Poisoned Blade masterfully brings its heroine to life. Jessamy is loyal and rebellious. Calculating and impetuous. Curious and cautious. A young woman who, even after the events of the first novel, is walking on a dangerously narrow beam, with opponents and rivals all about her. And her allies? Can she trust them? Can she trust herself with them? The novel shines when it focuses on her personal story. The lens of the novel stays on her, and we get to see Jessamy’s story unfold as she struggles and succeeds for ever larger stakes. Her rise to the obstacle-course-like sport of The Fives in the first novel pales in comparison by what is expected of her in this novel. I felt strongly for Jessamy and her story. Between her athletics and her personality, I can see Jessamy as a role model for teeanged readers of all stripes, a character to look up to, especially her unrelenting tenacity.
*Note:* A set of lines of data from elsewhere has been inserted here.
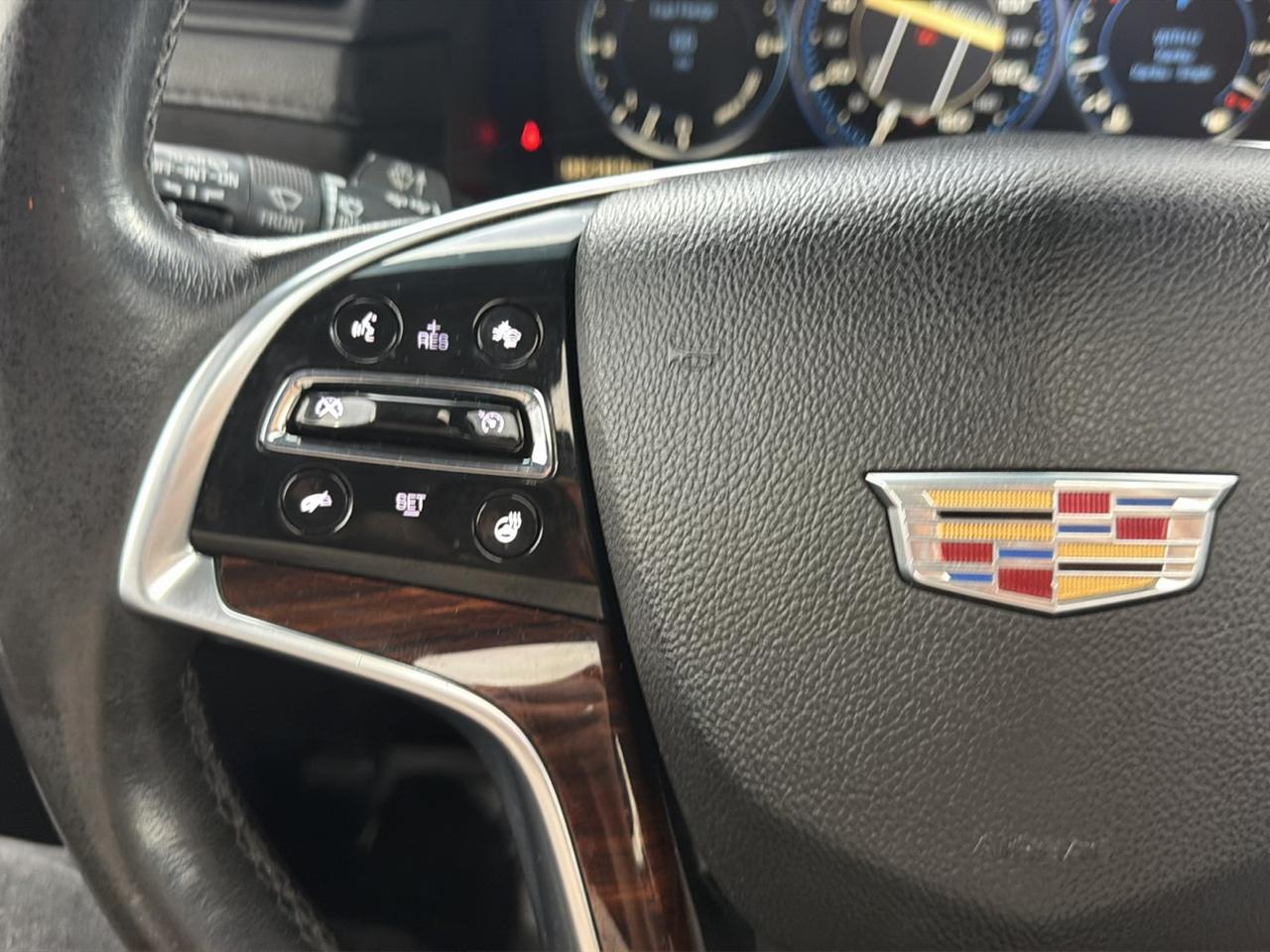 Cadillac Escalade 4WD 4dr Luxury 2015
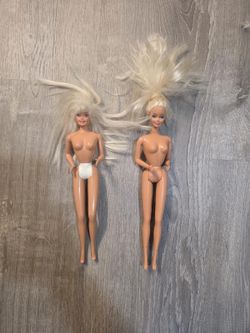 VTG 1966 Barbie Lot Of 2 No Clothes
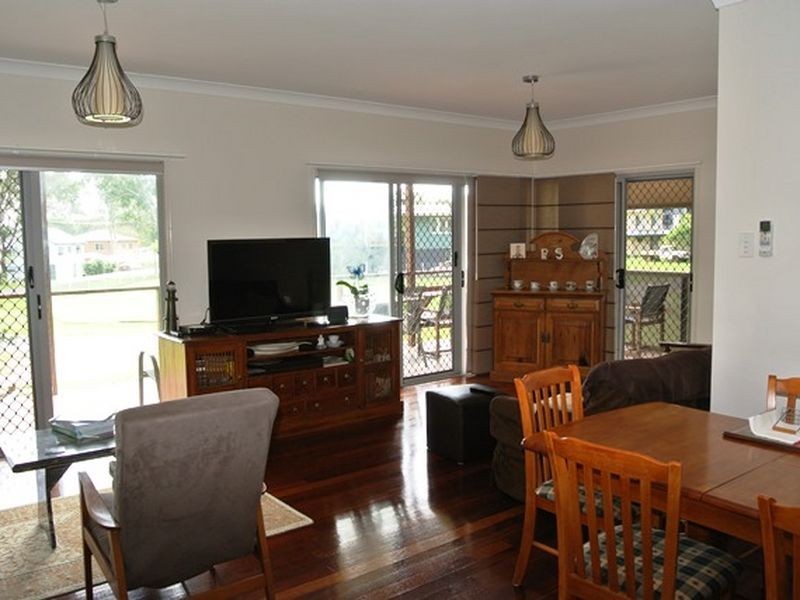 14 Kim Crescent, Macleay Island QLD 4184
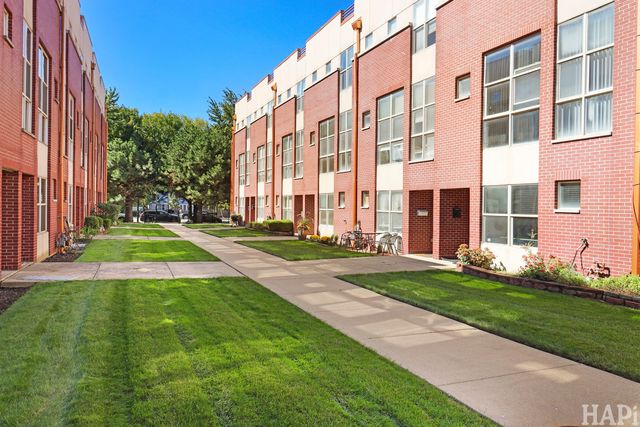 6957 N Western Avenue E, Chicago, IL 60645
This is not to say that there aren’t rewards beyond character-focus in the novel. The action sequences in the Fives competitions are well done and once again show that, yes, women can compete, and succeed in sports. While comparisons to The Hunger Games are relatively easy to make, I think that the secondary worldbuilding and the exotic culture help make Jessamy stand out as a character in her world. Sure, she uses weapons and is as athletic as Katniss, but she stands distinct and individual. I also think that the novel does provide a path for readers who loved The Hunger Games to branch from dystopian fiction to the wonders of secondary world fantasy.
Kate Elliott’s growing expertise in YA fantasy (YA epic fantasy) continues apace in this volume. Is Poisoned Blade that extremely complex 800-page epic fantasy worldbuilding that I read her other novels for? Absolutely not. There is an almost ruthless focus on Jessamy as a single POV character, on her situation, on her part of the world. Sure, I really want to know more about the world, and in some sense want to read that classic Epic Fantasy set in Saryenia. I want to explore every inch of the gorgeous map at the front of this book, and then some. It’s a world that’s inspired by Ptolemaic era Egypt in the struggles of the Eastern Mediterranean with the other Alexandrian successor kingdoms, complete with a touch of magic. Oh, and spider-golem automation warmachines. We get to see those in action in this book and it’s glorious. But I want to really get a full and complete sense of what this world is all about. I am convinced that while it’s not physically on the page, that at least in the author’s head, the full-scale epic fantasy world is there.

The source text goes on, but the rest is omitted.